The notation tells the story once you read it. The integral sign is an elongated S, for “sum.” The differential, the small d followed by the input, is the width of a strip, shrunk toward zero. The whole expression, the integral of the function from the lower limit to the upper limit, literally means “sum up the function’s value times a tiny width, across the input from the lower limit to the upper limit, in the limit as the width vanishes.” It is the slice-and-add of the first lesson, written down carefully.

Watch the limit converge with actual rectangles, for the area under the curve y equals the input squared, from zero to one (whose true value we will confirm is one third). Using more and more rectangles with right-edge heights, the sum works out to a tidy formula, and plugging in a larger number of rectangles gives:

n = 4 -> 0.469
n = 10 -> 0.385
n = 100 -> 0.338

The Riemann sums march steadily down toward one third, which is zero point three three three and so on, getting closer as the rectangles thin. The integral is the value they approach, exactly the “approaches a limit” idea from the previous lesson, now applied to a sum of areas instead of a single ratio.

A coarse Riemann sum and a fine Riemann sum approximating the area under y = x squared on the interval from 0 to 1 Two side-by-side coordinate panels, each plotting the same smooth curve y equals x squared over the interval from 0 to 1, drawn in teal. The left panel shows a coarse approximation: five thick amber-filled rectangles standing under the curve, each one as tall as the curve at the middle of its strip, leaving visible gaps and overshoots where the staircase misses the smooth curve. The right panel shows a fine approximation: twenty-four thin amber-filled rectangles whose tops hug the curve so closely that the staircase nearly disappears into the smooth area beneath the curve. The left panel is labeled "coarse (few strips)" and the right panel is labeled "fine (many strips, toward the integral)". The teaching point: as the strips become thinner and more numerous, the rectangle sum converges to the true area under the curve, which is the definite integral. coarse (few strips) x y = x² 0 1 fine (many strips, toward the integral) x y = x² 0 1 ∫₀¹ x² dx thinner strips
Approximate the area under y = x² by standing thin rectangles on the interval and adding them up. With a few coarse strips (left) the staircase clearly misses the smooth curve. With many fine strips (right) the rectangle tops hug the curve and the gaps all but vanish. As the strips get thinner and more numerous, the sum converges to the true area under the curve, the definite integral of x² from 0 to 1.
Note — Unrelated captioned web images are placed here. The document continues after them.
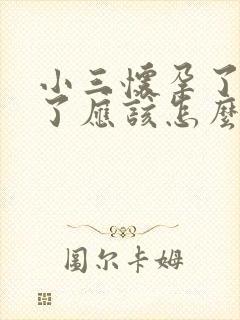 小三怀孕了打掉了应该怎么赔偿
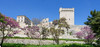 2024-04-04 (13) Arles. Abbaye de Montmajour (X-XVIIIe sicles)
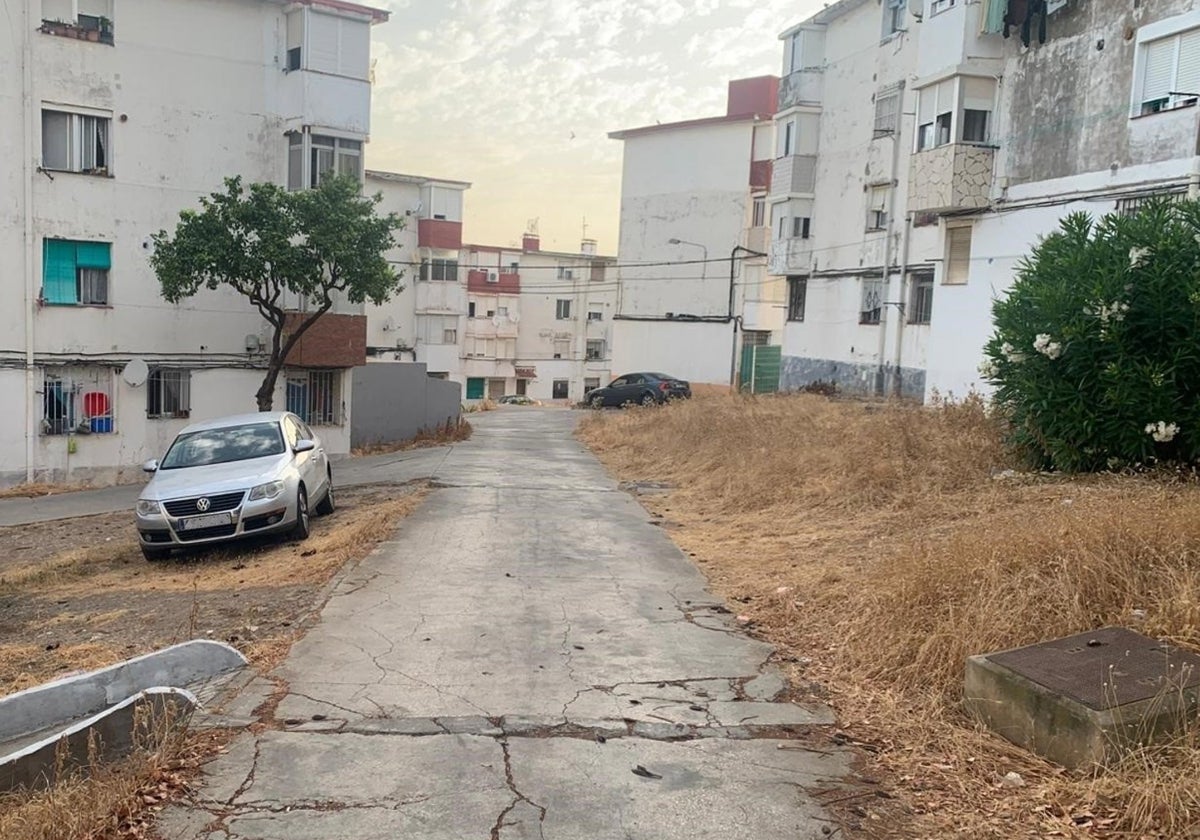 La Junta licita la reurbanización del entorno de 256 viviendas en La Piñera de Algeciras por 2,2 millones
Computing that limit directly, summing infinitely many shrinking rectangles, would be miserable for most functions. The fundamental theorem makes it unnecessary. It says: if the capital F function is an antiderivative of the original function, meaning a function whose derivative is the original function, then the definite integral is just the change in the antiderivative across the interval:

∫_a^b f(x) dx = F(b) - F(a)

To find the area under the function, you do not sum rectangles. You find a function whose rate of change is the original function, evaluate it at the two endpoints, and subtract. Accumulation is computed by running differentiation backward.

This is the central fact of calculus because it welds its two halves together. The first lesson glimpsed it on the circle: the accumulated area, pi R squared, had derivative two pi R, the very circumference being accumulated. The fundamental theorem says that is no coincidence: the rate of change of an accumulation is the thing being accumulated, and conversely, to accumulate, you reverse the rate. Differentiation and integration are inverse operations, and this theorem is the precise statement of it.

Antiderivatives are your derivative rules, run backward

Section titled “Antiderivatives are your derivative rules, run backward”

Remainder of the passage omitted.